Catastrophe bond market returns remain on track to set a significant record in 2023 and cat bond funds have already delivered over 11% year-to-date.
Specialist investment manager Plenum Investments believes the performance will continue at similarly high-levels, as reinsurance premiums remain elevated and the floating-rate return that cat bond investments benefit from is also substantial at this time.
“Given the 22-year high in the floating base rate of CAT Bonds and a continued hard reinsurance market, performance is likely to remain at this elevated level,” Plenum explained.
Going on to explain the floating-rate benefit, alongside other reinsurance market specific factors.
“These securities generate the variable base interest rate of currently 5.4% which is the highest level since 2001. In addition, reinsurance rates remain at an elevated level. This year’s tornado and other natural catastrophe losses and adjustments to risk models continue to drive reinsurance premiums.
“Hence, we maintain our “Higher for longer” expectation,” the asset manager stated.
With gross yields of around 13.5%, cat bond investors are maintaining their allocations to the space, Plenum says.
But notes that while risk spreads may have dropped from their peak, “For those investors who missed the opportunity to enter CAT bonds, the CAT bond market still offers a very good entry point.”

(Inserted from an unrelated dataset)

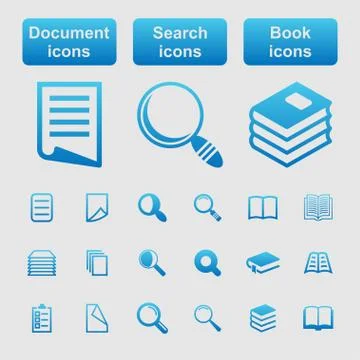 Web icons Stock Illustration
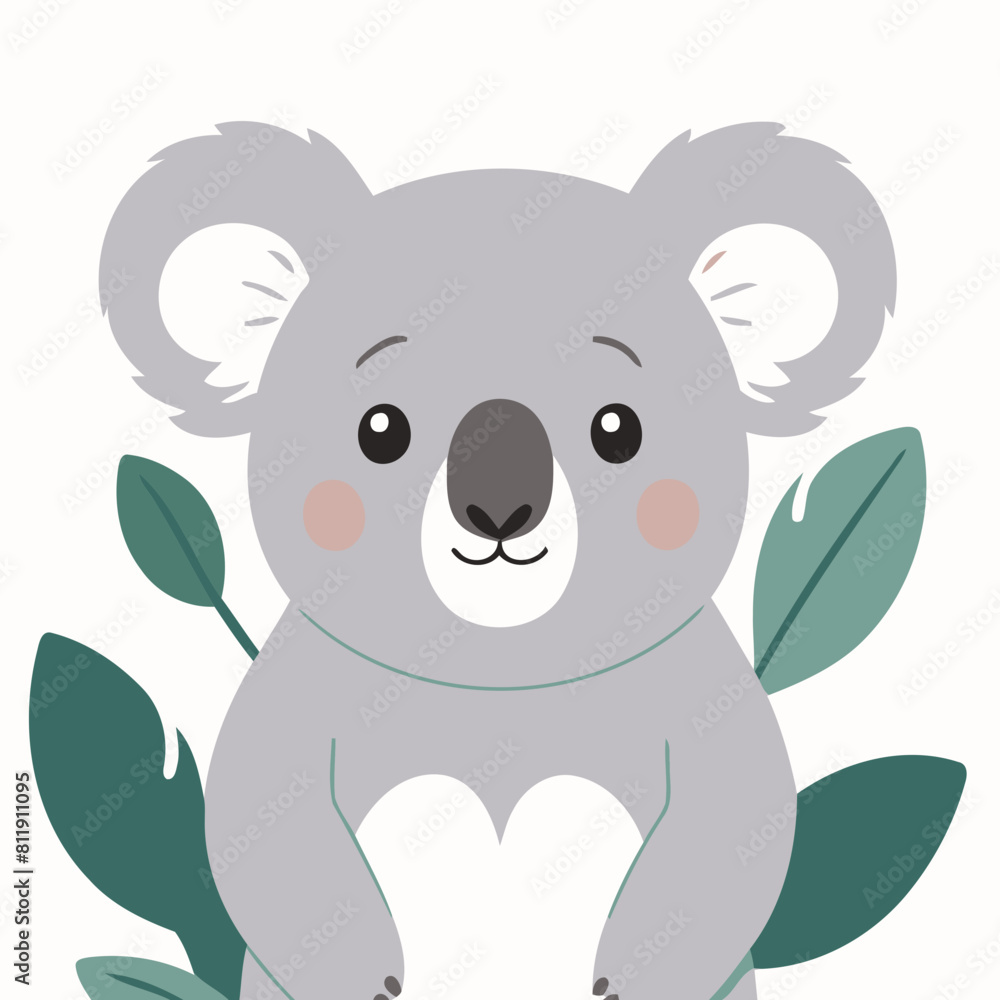 Vector illustration of a cute Koala for children story book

Catastrophe bonds have once again demonstrated their relative lack of correlation to the broader financial markets, while the increased returns possible are now set to compensate investors even when major catastrophes do occur, Plenum believes.
The asset manager explained, “The CAT bond market return YTD would approximately compensate a potential major loss in the reinsurance market such as e.g. the equivalent of the 1906 earthquake in San Francisco or a category 5 hurricane in Miami.”
Adding, “Against the backdrop of challenging and volatile traditional fixed market conditions and historically high CAT bond coupons, fixed income investors will seriously need to consider CAT bonds.”